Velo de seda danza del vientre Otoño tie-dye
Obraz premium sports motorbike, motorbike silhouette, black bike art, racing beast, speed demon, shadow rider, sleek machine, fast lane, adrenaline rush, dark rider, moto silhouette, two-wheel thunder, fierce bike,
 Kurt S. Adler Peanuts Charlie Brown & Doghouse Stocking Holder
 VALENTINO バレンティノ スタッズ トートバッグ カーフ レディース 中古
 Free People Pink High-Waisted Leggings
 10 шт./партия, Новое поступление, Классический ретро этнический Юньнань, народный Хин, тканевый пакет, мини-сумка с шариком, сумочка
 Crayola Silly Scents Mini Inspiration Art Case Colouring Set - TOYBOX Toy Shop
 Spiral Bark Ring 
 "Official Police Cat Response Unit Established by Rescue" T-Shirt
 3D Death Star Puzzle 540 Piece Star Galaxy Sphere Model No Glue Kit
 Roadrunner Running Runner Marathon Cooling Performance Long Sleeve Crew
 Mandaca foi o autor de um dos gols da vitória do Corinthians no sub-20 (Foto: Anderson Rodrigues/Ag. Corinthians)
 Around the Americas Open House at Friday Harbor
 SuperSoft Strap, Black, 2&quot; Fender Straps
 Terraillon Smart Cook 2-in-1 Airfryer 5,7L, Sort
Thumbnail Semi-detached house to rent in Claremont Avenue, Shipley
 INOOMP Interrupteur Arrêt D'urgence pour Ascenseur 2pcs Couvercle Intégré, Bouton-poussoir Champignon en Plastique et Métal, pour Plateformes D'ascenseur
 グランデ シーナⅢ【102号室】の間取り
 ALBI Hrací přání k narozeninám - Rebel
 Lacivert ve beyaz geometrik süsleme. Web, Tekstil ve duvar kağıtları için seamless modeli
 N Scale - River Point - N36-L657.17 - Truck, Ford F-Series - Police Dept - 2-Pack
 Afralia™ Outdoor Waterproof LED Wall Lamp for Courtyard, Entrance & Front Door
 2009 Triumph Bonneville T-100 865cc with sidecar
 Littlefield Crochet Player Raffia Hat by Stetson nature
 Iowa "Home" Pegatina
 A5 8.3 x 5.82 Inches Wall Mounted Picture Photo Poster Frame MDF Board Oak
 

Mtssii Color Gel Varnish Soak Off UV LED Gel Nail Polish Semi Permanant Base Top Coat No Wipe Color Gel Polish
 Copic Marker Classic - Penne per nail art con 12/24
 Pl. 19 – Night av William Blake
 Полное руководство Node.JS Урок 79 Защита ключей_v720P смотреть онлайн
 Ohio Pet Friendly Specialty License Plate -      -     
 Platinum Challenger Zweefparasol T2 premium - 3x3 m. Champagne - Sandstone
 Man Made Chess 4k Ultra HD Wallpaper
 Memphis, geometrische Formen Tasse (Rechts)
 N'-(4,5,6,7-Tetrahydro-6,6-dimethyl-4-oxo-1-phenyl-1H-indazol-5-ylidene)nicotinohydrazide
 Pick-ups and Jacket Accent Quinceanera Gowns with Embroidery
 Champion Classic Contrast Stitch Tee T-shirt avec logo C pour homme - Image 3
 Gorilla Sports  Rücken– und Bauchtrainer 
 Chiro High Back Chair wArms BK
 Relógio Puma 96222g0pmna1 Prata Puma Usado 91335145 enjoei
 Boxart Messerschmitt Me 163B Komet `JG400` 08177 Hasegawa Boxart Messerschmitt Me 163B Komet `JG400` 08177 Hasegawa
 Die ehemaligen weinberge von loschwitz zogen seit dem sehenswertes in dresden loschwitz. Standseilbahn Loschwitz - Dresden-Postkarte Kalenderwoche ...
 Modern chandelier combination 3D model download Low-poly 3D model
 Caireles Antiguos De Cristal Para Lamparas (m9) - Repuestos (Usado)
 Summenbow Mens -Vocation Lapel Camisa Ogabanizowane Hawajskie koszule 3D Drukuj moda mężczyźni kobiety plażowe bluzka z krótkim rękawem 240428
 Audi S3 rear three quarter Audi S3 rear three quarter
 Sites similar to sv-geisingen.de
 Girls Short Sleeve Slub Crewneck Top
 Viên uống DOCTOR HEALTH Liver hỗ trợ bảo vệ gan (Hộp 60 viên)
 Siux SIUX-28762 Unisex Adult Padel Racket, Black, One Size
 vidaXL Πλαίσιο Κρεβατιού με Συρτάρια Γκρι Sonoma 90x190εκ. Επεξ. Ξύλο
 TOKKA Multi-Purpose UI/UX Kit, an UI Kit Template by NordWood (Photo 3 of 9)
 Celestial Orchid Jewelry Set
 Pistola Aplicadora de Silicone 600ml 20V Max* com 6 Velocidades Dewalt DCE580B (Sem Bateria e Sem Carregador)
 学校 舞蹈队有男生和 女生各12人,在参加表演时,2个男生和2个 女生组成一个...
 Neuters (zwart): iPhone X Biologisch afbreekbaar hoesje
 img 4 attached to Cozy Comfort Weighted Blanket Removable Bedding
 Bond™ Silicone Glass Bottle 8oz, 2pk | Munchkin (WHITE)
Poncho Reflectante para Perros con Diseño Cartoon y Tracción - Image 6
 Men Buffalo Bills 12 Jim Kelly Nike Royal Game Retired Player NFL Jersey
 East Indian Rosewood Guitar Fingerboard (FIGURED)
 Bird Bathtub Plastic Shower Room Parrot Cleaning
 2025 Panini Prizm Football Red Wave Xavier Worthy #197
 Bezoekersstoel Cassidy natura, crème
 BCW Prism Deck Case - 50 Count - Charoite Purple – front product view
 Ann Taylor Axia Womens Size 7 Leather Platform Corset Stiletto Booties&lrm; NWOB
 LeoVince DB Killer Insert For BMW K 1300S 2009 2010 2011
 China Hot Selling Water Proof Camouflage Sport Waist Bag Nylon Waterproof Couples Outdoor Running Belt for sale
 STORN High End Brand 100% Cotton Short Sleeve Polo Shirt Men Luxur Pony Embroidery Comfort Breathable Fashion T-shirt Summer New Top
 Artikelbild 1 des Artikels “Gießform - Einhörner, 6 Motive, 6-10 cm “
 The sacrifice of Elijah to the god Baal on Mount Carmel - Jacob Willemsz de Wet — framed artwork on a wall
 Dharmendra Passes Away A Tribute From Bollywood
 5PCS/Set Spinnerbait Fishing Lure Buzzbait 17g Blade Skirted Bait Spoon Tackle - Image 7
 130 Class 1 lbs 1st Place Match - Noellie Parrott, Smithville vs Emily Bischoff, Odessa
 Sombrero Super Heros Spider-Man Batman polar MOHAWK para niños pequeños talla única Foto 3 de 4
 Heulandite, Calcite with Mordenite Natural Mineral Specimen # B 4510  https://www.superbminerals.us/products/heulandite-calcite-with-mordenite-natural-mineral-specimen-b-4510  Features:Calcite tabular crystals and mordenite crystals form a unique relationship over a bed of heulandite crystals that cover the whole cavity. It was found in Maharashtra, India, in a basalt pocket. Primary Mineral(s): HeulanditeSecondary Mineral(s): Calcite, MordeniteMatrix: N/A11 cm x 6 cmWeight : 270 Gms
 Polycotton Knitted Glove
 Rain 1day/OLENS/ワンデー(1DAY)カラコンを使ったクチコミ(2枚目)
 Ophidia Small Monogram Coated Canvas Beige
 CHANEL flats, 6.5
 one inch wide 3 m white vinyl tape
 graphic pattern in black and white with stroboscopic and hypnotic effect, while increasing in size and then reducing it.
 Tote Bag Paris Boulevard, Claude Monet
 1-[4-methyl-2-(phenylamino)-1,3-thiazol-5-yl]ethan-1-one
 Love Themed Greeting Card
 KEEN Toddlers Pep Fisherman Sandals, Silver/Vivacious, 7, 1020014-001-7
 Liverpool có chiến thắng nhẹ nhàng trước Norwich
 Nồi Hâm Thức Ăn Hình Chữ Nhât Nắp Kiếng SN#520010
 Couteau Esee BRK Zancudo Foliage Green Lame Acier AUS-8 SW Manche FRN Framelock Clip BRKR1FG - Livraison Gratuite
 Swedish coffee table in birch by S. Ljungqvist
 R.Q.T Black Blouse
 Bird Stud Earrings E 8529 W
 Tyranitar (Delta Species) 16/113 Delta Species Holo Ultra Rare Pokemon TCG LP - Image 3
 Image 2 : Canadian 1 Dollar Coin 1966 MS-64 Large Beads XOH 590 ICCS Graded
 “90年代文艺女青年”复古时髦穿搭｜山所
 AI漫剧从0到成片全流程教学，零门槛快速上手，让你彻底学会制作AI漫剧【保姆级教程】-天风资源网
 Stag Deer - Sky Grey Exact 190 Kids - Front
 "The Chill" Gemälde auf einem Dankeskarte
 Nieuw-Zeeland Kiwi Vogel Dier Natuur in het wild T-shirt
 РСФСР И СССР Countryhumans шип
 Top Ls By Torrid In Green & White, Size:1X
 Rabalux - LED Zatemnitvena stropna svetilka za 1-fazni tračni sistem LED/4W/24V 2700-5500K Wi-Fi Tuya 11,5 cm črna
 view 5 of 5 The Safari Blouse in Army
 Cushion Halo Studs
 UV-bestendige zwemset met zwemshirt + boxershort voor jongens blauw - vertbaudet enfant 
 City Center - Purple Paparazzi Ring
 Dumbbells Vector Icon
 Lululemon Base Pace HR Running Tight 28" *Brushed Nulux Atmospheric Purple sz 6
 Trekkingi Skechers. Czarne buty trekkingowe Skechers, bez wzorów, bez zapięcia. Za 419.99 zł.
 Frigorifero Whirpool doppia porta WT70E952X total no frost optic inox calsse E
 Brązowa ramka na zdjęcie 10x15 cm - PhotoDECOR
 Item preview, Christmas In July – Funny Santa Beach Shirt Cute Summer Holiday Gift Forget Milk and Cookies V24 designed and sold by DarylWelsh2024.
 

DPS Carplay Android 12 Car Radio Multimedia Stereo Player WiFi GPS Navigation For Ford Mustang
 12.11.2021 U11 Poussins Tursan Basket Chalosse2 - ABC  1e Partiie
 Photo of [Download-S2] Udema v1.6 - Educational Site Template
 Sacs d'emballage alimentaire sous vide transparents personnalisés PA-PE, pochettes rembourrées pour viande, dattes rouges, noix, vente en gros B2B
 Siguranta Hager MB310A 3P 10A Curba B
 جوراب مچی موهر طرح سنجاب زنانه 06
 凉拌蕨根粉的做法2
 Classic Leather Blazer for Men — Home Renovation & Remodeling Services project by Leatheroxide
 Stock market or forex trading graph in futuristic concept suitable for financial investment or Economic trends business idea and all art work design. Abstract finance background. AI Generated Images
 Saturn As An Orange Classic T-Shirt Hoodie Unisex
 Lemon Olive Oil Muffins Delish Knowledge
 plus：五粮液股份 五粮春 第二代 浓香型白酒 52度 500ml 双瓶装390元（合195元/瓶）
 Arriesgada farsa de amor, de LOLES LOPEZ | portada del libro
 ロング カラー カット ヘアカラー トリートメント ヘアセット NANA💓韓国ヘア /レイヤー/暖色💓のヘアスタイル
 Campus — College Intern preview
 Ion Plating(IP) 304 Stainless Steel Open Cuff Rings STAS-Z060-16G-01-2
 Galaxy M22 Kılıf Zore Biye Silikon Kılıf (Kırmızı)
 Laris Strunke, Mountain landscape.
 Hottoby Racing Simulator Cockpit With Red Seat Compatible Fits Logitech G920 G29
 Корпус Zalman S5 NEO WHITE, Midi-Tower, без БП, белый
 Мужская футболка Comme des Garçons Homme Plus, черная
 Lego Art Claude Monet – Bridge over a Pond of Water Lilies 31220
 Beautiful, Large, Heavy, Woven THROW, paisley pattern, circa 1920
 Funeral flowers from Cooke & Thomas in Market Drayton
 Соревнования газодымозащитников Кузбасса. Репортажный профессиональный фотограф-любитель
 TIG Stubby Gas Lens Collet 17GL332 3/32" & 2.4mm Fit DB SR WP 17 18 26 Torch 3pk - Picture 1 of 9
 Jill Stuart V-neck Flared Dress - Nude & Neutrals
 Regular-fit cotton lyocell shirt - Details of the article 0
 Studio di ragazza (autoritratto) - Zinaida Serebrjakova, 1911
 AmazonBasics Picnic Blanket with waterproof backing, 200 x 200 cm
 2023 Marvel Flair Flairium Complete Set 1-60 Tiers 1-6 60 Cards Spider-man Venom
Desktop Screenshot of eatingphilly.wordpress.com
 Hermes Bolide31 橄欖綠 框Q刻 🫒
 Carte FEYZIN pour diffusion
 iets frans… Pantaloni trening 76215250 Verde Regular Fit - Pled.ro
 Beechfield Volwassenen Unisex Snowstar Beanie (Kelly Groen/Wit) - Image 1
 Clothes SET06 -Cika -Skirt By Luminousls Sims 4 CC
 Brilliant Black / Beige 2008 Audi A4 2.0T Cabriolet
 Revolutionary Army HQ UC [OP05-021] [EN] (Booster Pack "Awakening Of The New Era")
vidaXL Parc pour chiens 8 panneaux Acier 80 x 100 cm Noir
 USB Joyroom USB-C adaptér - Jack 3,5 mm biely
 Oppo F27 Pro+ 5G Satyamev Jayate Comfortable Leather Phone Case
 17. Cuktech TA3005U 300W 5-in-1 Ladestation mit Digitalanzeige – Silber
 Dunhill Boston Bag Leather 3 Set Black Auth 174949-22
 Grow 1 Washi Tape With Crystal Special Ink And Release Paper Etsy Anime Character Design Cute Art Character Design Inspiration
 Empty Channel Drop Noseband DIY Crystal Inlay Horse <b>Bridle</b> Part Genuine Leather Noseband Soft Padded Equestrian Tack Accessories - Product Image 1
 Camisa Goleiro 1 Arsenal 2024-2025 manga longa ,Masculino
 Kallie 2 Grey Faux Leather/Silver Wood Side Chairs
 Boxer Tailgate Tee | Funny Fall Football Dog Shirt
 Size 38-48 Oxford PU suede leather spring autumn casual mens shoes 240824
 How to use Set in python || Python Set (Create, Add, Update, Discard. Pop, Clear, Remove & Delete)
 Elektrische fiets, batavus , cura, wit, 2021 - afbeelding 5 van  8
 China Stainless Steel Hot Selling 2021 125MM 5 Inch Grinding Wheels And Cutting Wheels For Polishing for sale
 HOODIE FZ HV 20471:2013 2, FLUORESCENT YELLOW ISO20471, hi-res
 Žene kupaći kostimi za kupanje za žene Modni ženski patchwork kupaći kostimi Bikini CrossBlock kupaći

::::::::

• TASK DIRECTIONS: Would you retype exactly the lines above, from the line with "Bird Bathtub Plastic" to the line with "Sombrero Super Heros", with both end lines kept and nothing more?

• YOUR RESPONSE:
 Bird Bathtub Plastic Shower Room Parrot Cleaning
 2025 Panini Prizm Football Red Wave Xavier Worthy #197
 Bezoekersstoel Cassidy natura, crème
 BCW Prism Deck Case - 50 Count - Charoite Purple – front product view
 Ann Taylor Axia Womens Size 7 Leather Platform Corset Stiletto Booties&lrm; NWOB
 LeoVince DB Killer Insert For BMW K 1300S 2009 2010 2011
 China Hot Selling Water Proof Camouflage Sport Waist Bag Nylon Waterproof Couples Outdoor Running Belt for sale
 STORN High End Brand 100% Cotton Short Sleeve Polo Shirt Men Luxur Pony Embroidery Comfort Breathable Fashion T-shirt Summer New Top
 Artikelbild 1 des Artikels “Gießform - Einhörner, 6 Motive, 6-10 cm “
 The sacrifice of Elijah to the god Baal on Mount Carmel - Jacob Willemsz de Wet — framed artwork on a wall
 Dharmendra Passes Away A Tribute From Bollywood
 5PCS/Set Spinnerbait Fishing Lure Buzzbait 17g Blade Skirted Bait Spoon Tackle - Image 7
 130 Class 1 lbs 1st Place Match - Noellie Parrott, Smithville vs Emily Bischoff, Odessa
 Sombrero Super Heros Spider-Man Batman polar MOHAWK para niños pequeños talla única Foto 3 de 4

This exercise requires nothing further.